■ GOAL OF THE EXERCISE:
Output the listing below exactly, minus its images.

■ PROVIDED MATERIAL:
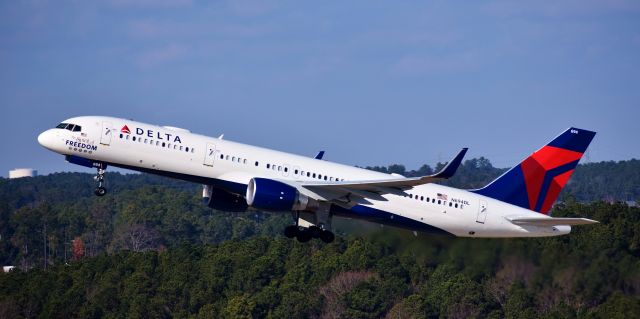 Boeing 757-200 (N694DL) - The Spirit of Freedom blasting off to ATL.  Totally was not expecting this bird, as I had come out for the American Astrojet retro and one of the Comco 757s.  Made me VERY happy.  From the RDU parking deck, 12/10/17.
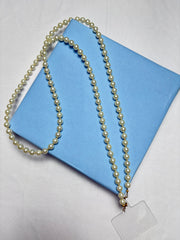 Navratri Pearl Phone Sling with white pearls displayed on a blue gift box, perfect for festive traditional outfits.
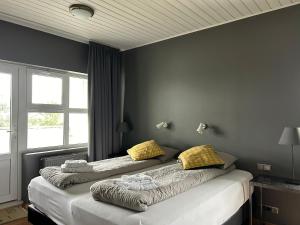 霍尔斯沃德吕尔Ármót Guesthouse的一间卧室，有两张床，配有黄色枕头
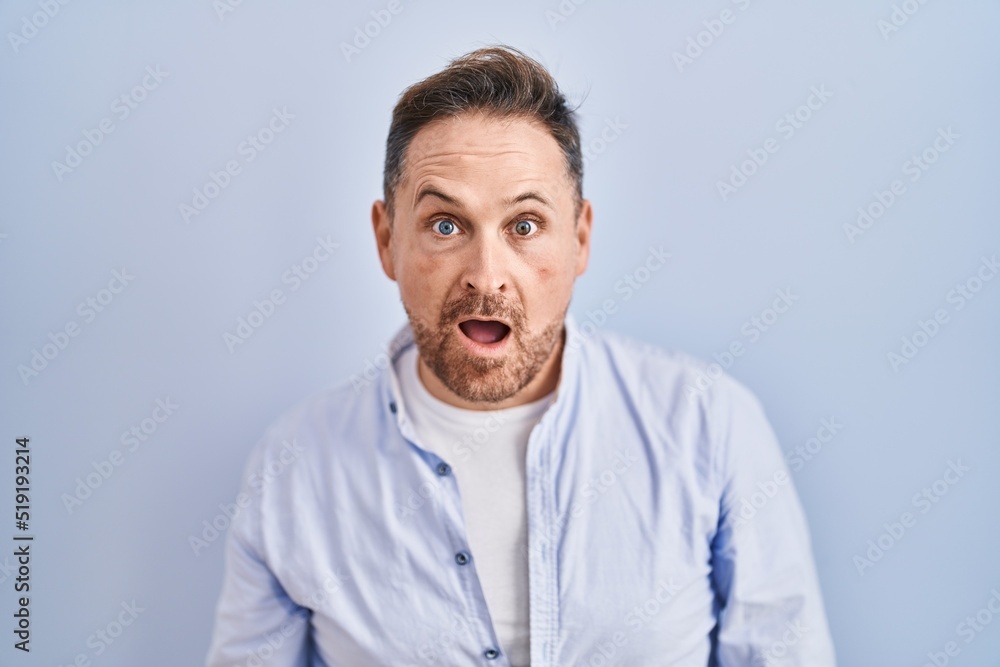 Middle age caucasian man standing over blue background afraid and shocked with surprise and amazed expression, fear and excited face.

■ YOUR SOLUTION:
 Boeing 757-200 (N694DL) - The Spirit of Freedom blasting off to ATL.  Totally was not expecting this bird, as I had come out for the American Astrojet retro and one of the Comco 757s.  Made me VERY happy.  From the RDU parking deck, 12/10/17.
 Navratri Pearl Phone Sling with white pearls displayed on a blue gift box, perfect for festive traditional outfits.
 霍尔斯沃德吕尔Ármót Guesthouse的一间卧室，有两张床，配有黄色枕头
 Middle age caucasian man standing over blue background afraid and shocked with surprise and amazed expression, fear and excited face.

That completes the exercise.